*** Opening Provided data ***

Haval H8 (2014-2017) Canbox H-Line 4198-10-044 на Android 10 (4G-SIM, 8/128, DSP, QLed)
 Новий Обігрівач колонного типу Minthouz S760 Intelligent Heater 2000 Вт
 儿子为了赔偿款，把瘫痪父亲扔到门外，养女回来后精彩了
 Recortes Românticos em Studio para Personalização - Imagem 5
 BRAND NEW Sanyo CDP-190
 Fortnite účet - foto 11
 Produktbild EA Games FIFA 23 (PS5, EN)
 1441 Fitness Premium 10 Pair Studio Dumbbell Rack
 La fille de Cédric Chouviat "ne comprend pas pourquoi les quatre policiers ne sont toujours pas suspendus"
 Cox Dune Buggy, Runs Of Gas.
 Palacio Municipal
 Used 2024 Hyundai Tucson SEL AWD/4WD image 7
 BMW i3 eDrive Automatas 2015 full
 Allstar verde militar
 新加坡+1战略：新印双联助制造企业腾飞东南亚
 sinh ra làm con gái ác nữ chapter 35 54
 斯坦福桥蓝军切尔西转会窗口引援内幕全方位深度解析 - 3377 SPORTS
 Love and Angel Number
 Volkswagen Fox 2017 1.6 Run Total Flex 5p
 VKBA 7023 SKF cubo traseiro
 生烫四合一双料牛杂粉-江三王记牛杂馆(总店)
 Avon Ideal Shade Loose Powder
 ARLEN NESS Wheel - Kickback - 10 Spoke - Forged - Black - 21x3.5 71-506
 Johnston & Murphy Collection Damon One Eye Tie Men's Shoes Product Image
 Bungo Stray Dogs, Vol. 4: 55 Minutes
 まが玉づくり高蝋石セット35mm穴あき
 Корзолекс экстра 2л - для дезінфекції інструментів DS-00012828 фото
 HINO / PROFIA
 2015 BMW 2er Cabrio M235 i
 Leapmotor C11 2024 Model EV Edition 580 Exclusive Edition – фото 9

*** Closing Provided data ***

→ Work request: The answer must be every line of the records above that holds the word "Studio".

→ Finished exercise:
 Recortes Românticos em Studio para Personalização - Imagem 5
 1441 Fitness Premium 10 Pair Studio Dumbbell Rack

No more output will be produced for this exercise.